Brio has also introduced more value-added deals and specials to keep guests coming back, and happy. Many locations offer a $7.95 lunch special, three-course value-priced dinners and "happy hour" appetizer specials at the bar. Pasta specials include chicken Milanese pomodoro, lasagna Bolognese al forno and veal Marsala classico.
"We're trying to stay creative in terms of our specials. It's important not only to stay within the Italian concept, but to also have a sellable product in a certain price range," Rogers says. Pasta and entrée salads are mainstays for Brio.
Like Biaggi's, Rotelli's has focused on its delivery service. The chain's entire menu, including its signature Bella retell pasta with chicken, artisan cheese, tomatoes and homemade white sauce, is available for delivery within a three-mile radius of its locations.
"It's our goal to get people out of the mindset that if they want good Italian, they have to eat in," Lebrun says.

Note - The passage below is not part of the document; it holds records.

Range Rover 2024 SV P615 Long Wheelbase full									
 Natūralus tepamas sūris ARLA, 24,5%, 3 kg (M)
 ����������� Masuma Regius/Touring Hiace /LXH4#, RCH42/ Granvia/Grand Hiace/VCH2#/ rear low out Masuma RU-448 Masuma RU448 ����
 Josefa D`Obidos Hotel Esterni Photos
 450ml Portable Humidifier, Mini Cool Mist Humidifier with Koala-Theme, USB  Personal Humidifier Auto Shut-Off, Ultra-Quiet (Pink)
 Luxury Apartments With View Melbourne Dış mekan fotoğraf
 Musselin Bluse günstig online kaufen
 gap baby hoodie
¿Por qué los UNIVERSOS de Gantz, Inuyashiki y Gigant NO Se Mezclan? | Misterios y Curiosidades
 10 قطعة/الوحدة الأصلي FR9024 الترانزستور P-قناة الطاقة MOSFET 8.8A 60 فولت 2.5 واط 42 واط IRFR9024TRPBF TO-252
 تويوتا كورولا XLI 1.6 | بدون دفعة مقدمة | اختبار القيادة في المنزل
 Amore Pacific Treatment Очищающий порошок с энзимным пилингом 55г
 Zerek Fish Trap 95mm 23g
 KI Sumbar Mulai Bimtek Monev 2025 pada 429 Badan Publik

And at Piccolo Sogno, almost all entrees are priced at less than $24, despite the restaurant's use of many specialty ingredients like truffles, Sicilian pistachios and Parmigiano-Reggiano. Wines also stay moderately priced and the restaurant also offers free valet parking at lunchtime.
"Our moderate pricing is a big draw," says Priolo. Piccolo Sogno's dishes, including four-cheese ravioli and wood-roasted Sicilian sea salt crusted sea bass, are prepared with a combination of local and imported ingredients.
Facing a similar dilemma with pricier ingredients, 312 Chicago focuses on sourcing local and seasonal product to helps drive down costs and appease customers' appetite for these types of foods. The restaurant's best sellers, including the tortellini con ricotta with ricotta and spinach in a brown butter sage and fettuccine rustiche with proscuitto di Parma, porcini mushrooms, garlic and tomato basil sauce feature lower cost ingredients.
As more Italian restaurants focus on what makes them authentically Italian, which is the quality of ingredients and simple, but sophisticated cooking techniques, consumers who have become comfortable and familiar with the cuisine continue to come back and even seek out these restaurants for the first time. A focus on local, seasonal, and regional foods in an elevated dining setting has kept sales up in an era when diners seek sophistication, but at moderate prices.
"People see Italian food as a win-win," Rotelli's Lebrun says. "There is always something for everyone. Because people have limited funds and less disposable income these days, they don't want to take a chance on unfamiliar cuisine."
Even with the increasing competitiveness in the Italian restaurant segment, sales continue to remain steady. With 20 different regions in Italy to pull from, operators have an almost endless array of dishes to incorporate into their menus. This diversity, along with pasta's economical cost, will keep these restaurants thriving through tough times.